Stem cells are vital throughout life because they can develop into specialized tissue. Recently, however, scientists have discovered that damaged or altered stem cells may be the driving force behind some kinds of cancer when their specialization takes a malignant turn for the worse.

Stem cells were first identified in leukemia in 1997. Since then, they have been found in breast cancer and certain brain tumors, including glioblastoma multiforme, the most aggressive brain malignancy in adults. Although it was widely thought that most cells in a tumor could cause it to grow, researchers now believe that in some cancers, a small population of stem cells gives rise to all the other cells. When tumor cells are transplanted into experimental mice, only the stem cell variety spurs new cancer growth.

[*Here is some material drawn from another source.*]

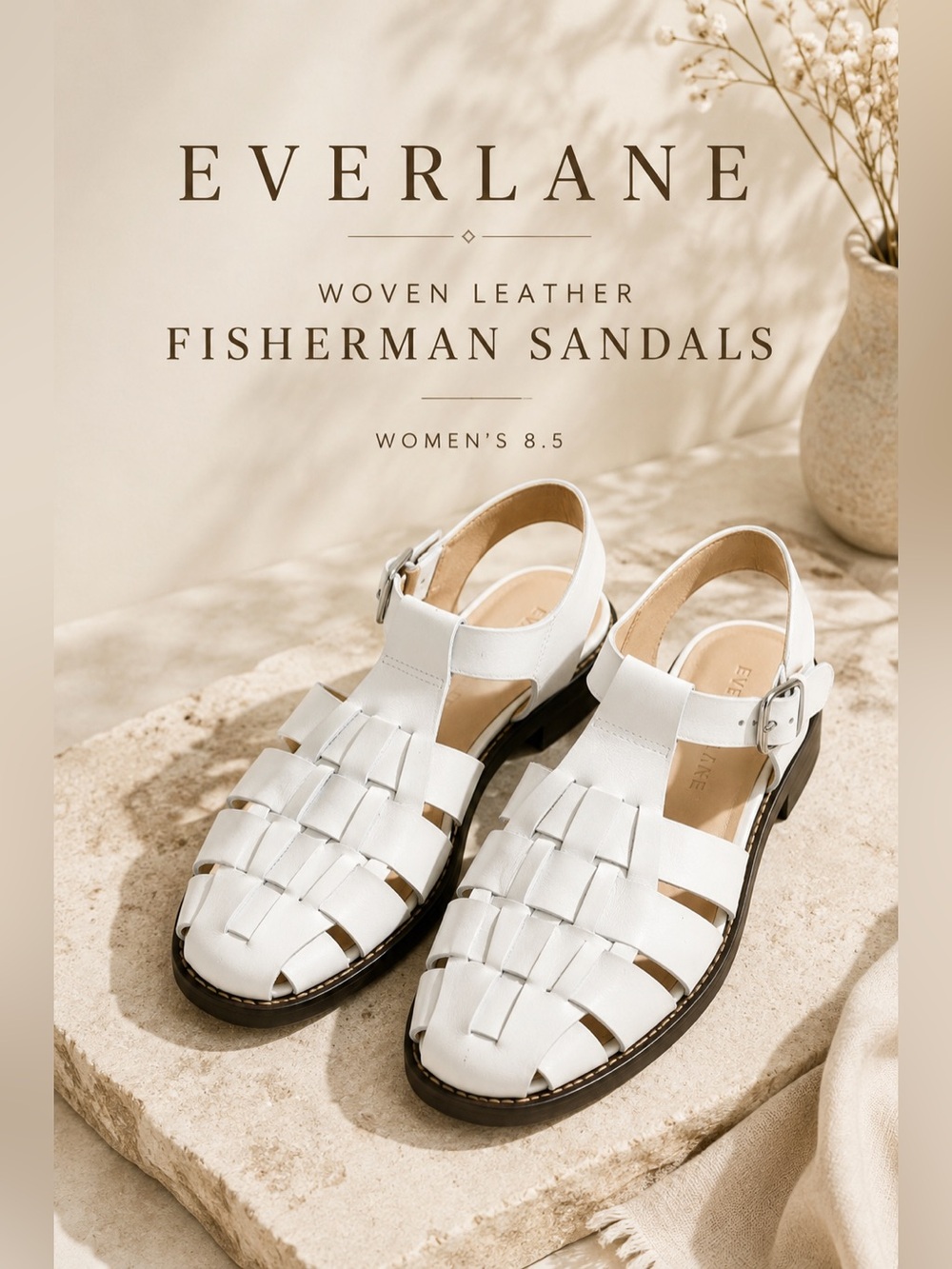 Everlane White Leather Woven Fisherman Sandals Women’s 8.5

Neural stem cells normally develop into neurons, glia and other cell types. Stem cells found in brain tumors are similar but have genetic mutations that lead to uncontrolled growth. Harley Kornblum, director of the Neural Stem Cell Research Center at the University of California, Los Angeles, is searching for drugs that might inhibit or kill tumor stem cells. Because there are many kinds of brain cancer, Kornblum cautions that they must be approached individually. “We don’t think there’s a one-size-fits-all” mechanism, he says, pointing out that one type of brain tumor called medulloblastoma is caused by “external granule” cells.

Nevertheless, because stem cells activate their genes differently than other cells do, doctors may be able to use genetic analysis to assign more effective treatment to certain patients. Scientists are now focusing on methods to block the unique pathways by which cancer stem cells regenerate, because it seems clear that the stem cells must be eradicated to stop tumor growth. If they succeed, less destructive chemotherapy or radiation, or other treatments, may be possible.